Irina, a Christian woman who was also locked up in the school with her two children, said that during the ordeal she prayed and chanted religious hymns with her children. “I was praying with my boys that God would give the terrorists peace of mind to let the children out of that place,” she said.

News of two pastors of an Evangelical Christian-Baptist Church who had lost six of their eight children also made its way through Beslan and the Christian media. Brothers Sergey and Taimuraz Totiev were two pastors well respected in Beslan, a village where non Orthodox Christians are a minority. Some 2,000 children took part in the funeral ceremony during which the Totiev children were laid to rest.

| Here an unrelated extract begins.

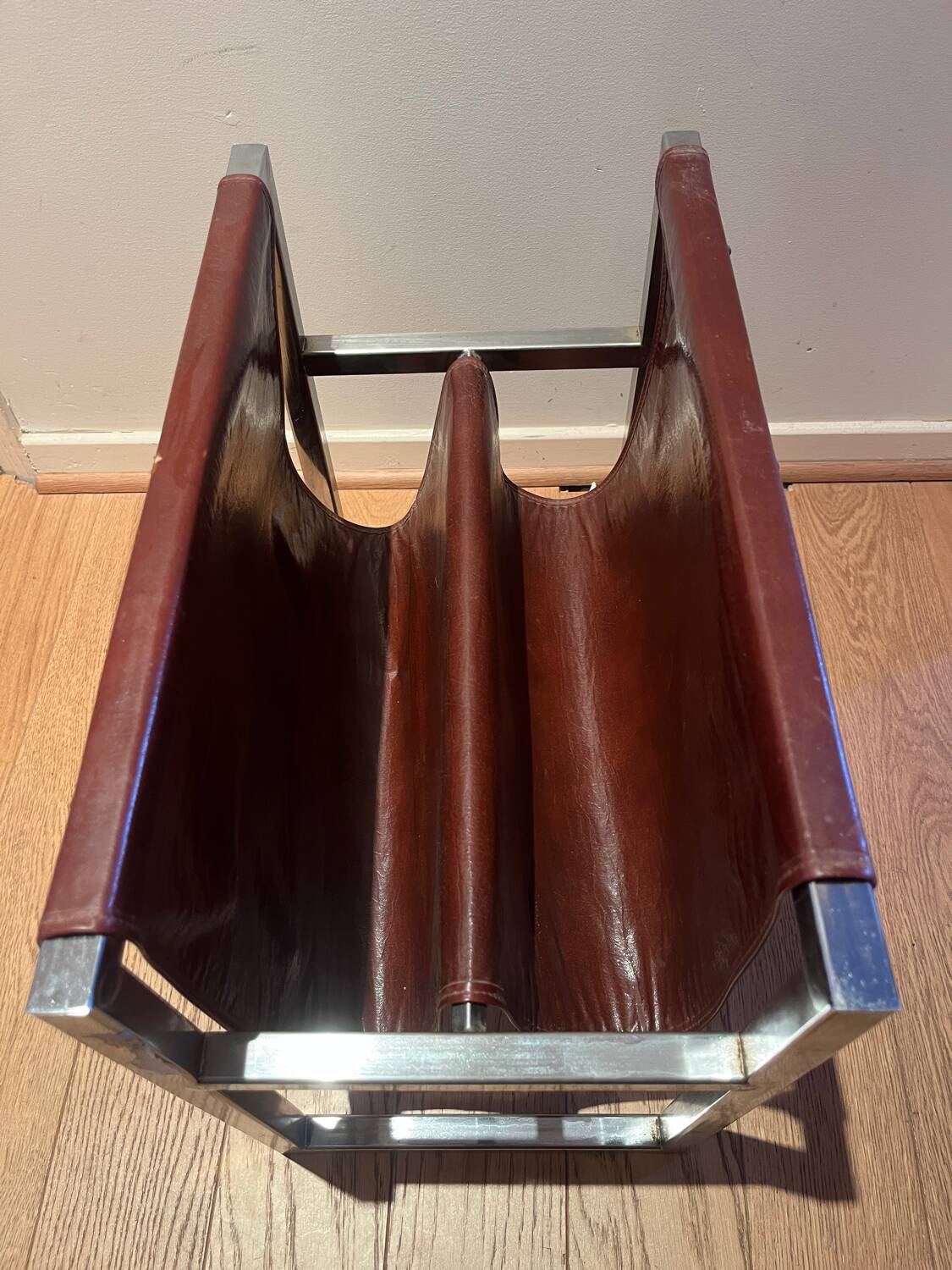 Vintage magazine rack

“It was as if my own children had died,” some of those attending the funeral said. “Those boys and girls brought life to our streets.”

Among the crowd, some called for vengeance, but Rev. Sergey Totiev, who led the funeral service, answered the call saying: “We have suffered an enormous loss, but we should not take vengeance for as God said ‘Vengeance shall be Mine’.”

The Baptist pastor said he had no intention of leaving Beslan. “God has given us the strength to face the loss of our four children and He shall give us the courage to remain among our people, here in Beslan,” he said.

Of Taimuraz Totiev’s five children, Larisa (14), Liuba (12), Albina (11), and Boris (8) did not survive, only Magina did. And of Sergey Totiev’s three children, Dzerassa (15) and Anna (9) did not survive. Sergey’s son Azamat, whom the terrorists had used as a human shield, suffered injury in both eyes as a result of an explosion but is still alive.